The latter was a case at a customer of mine. An ISV application was reporting EAGAIN errors on a new installation, something that hadn't been seen before. More importantly, the ISV was also not seeing it elsewhere or in their test environment.
After some investigation using DTrace, including reproduction on slightly different system configuration, it became clear that the sending application was getting the error after a burst of writes. The application has both local and remote (on other systems) receivers, and the EAGAIN errors were only happening on the local connection.
I also saw that the application was repeatedly doing a pair of writes, one of 12 bytes and the second of 696 bytes. Thus it would be easy to hit the consecutive write counter before the write buffer is ever filled.
To test this I suggested the customer change the tcp_fusion_rcv_unread_min on their running system using mdb(1). I suggested they increase the counter by a factor of four (4), just to be safe.
# echo "tcp_fusion_rcv_unread_min/W 32" | mdb -kw
tcp_fusion_rcv_unread_min: 0x8 = 0x20
# echo "tcp_fusion_rcv_unread_min/D" | mdb -k
Since then I have suggested they set tcp_fusion_rcv_unread_min to 0, to turn the check off completely. This will allow the buffer size and total outstanding write data volume to determine whether the sender is blocked, as it is for remote connections. Since the mdb is only good until the next reboot, I suggested the customer change the setting in /etc/system.
\* Set TCP fusion to allow unlimited outstanding writes up to the TCP send buffer set by default or the application.
\* The default value is 8.
I hope this helps someone who might be trying to understand why errors, or maybe less than expected throughput, is being seen on local connections.
And I would like to note that in OpenSolaris only the do_tcp_fusion setting is available. With the delivery of CR 6826274, the consecutive write counting has been removed. The TCP Fusion code has also been moved into its own file
Thanks to Jim Eggers, Jim Fiori, Jim Mauro, Anders Parsson, and Neil Putnam for their help as I was tracking all this stuff down!
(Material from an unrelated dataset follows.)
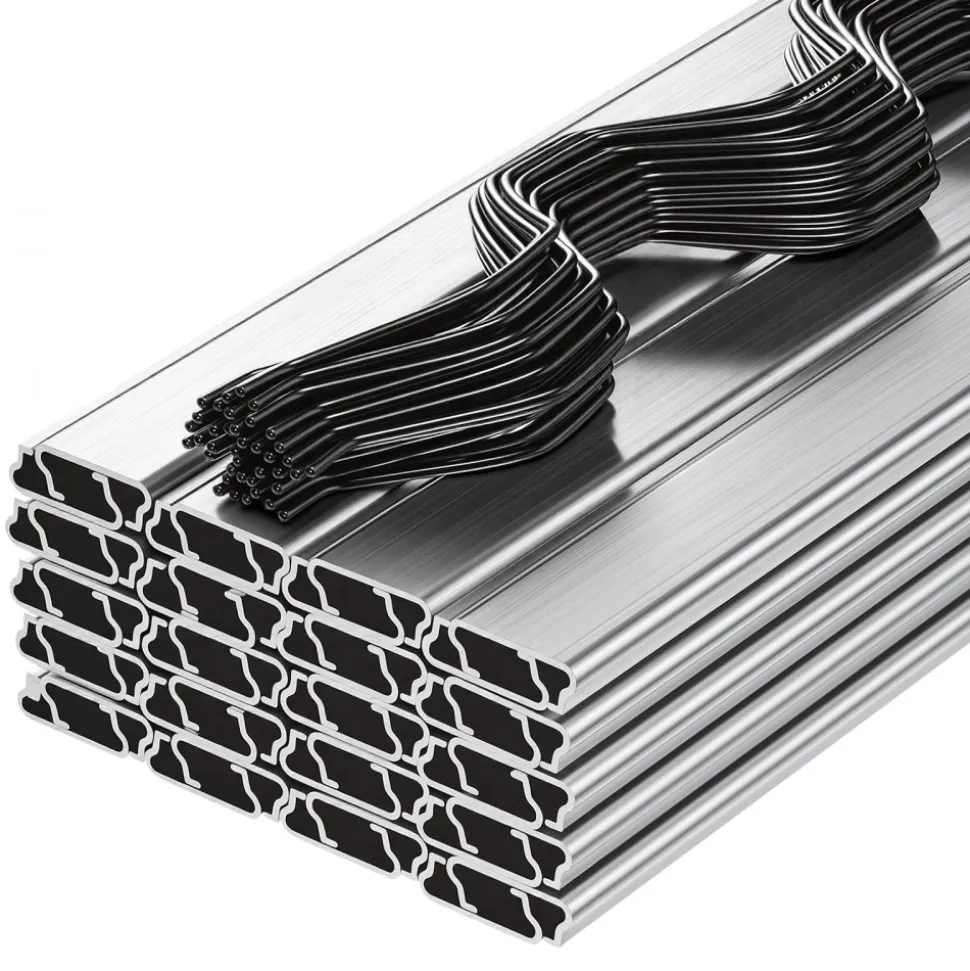 VEVOR Greenhouse Spring Wire and Lock Channel, 40 Packs 6.56 ft PVC-Coated Wiggle Wire & Aluminum Alloy Channel Bundle Kit with Included Screws, 0.05 in Thickened, Poly Film & Shade Cloth Attachments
PS. After publishing, I wrote this DTrace script to show what the per connection outstanding write counter tcp_fuse_rcv_unread_hiwater is set to.
# more tcp-fuse.d
self->tcp = (tcp_t \*) arg0;
/self->tcp > 0/
this->peer = (tcp_t \*) self->tcp->tcp_loopback_peer;
this->hiwat = this->peer->tcp_fuse_rcv_unread_hiwater;
printf("pid: %d tcp_fuse_rcv_unread_hiwater: %d \\n", pid, this->hiwat);
self->tcp = 0;
this->peer = 0;
this->hiwat = 0;